SilenceIsGolden said:


> The Wagnerian ideal of the hero would only be demonstrated to be a sham, as Nietzsche thought it to be, only if we could demonstrate that the music fails to raise the hero to the level that the drama requires. This elevation of the passions is what the music attempts to achieve, and for those of us respond to the operas so enthusiastically, Wagner succeeds. He portrays the intricate emotional connections that enable us to make sense of the heroic soul.


What a bizarre claim. The music - as Nietzsche and everyone familiar with Wagner at the time heard it - was already linked to his concept of drama and the common thread of ideas running through it. What would Nietzsche's opinion have been had he heard this music 'cold', with no back story, without the years of association with Wagner and the shared cultural ideas? I really don't buy the personal interpretations of music, laden with baggage, that masquerade as spiritual revelation.

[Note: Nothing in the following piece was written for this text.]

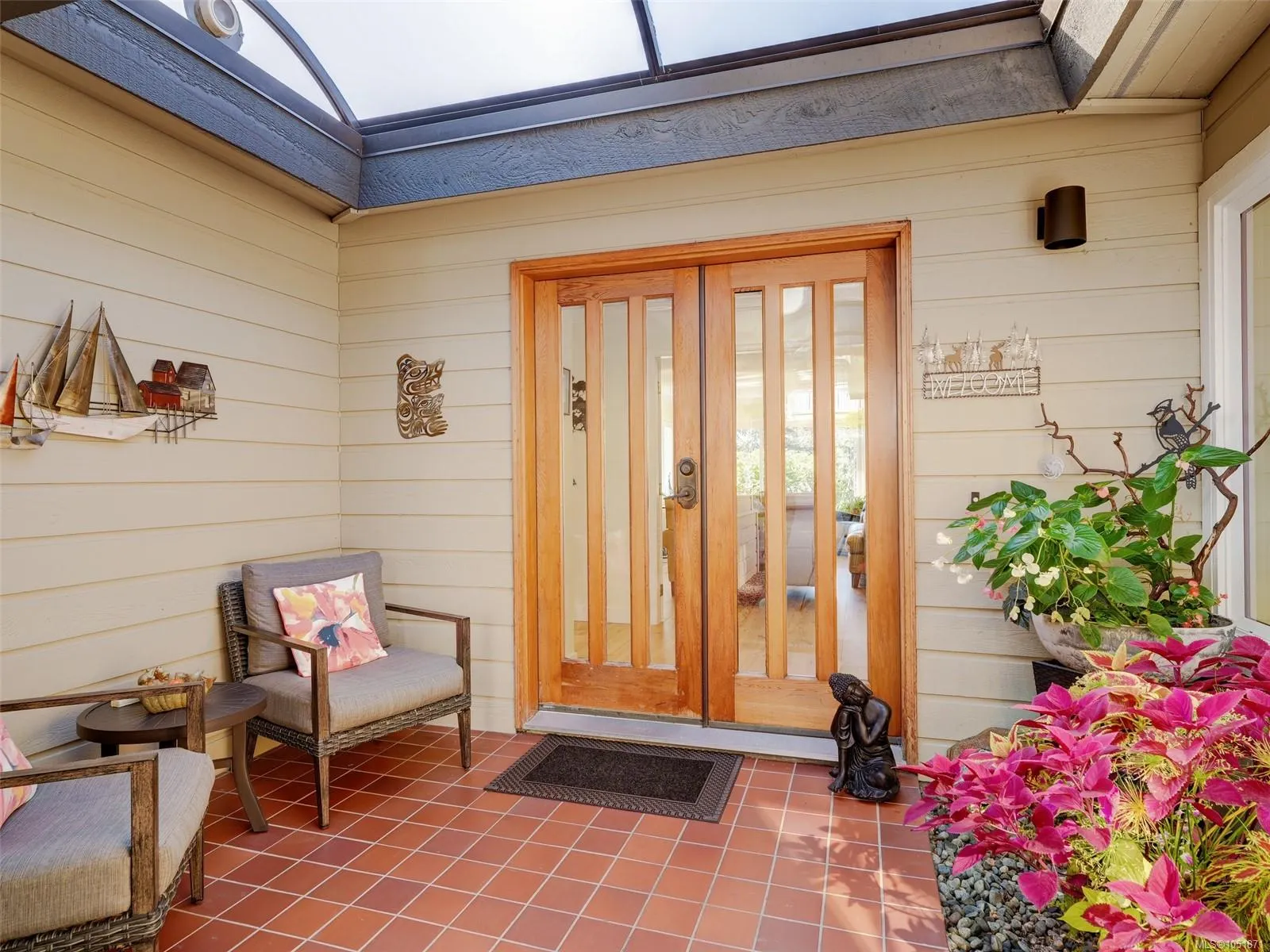 2829 Arbutus Rd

Even if the music arouses a sense of the great and heroic (as it does) this still doesn't render the dramatic treatments either meaningful or profound, or even as representing what Wagner thinks they represent.

That letter to Peter Gast is not a contradiction of Nietzsche's views. About a year or so later, around the time of his first explicit "anti-Wagner" writings, he is still saying roughly the same things in his letters, but with a sense of being able to see things from a position of not being a Wagner subordinate - his own fault if anything.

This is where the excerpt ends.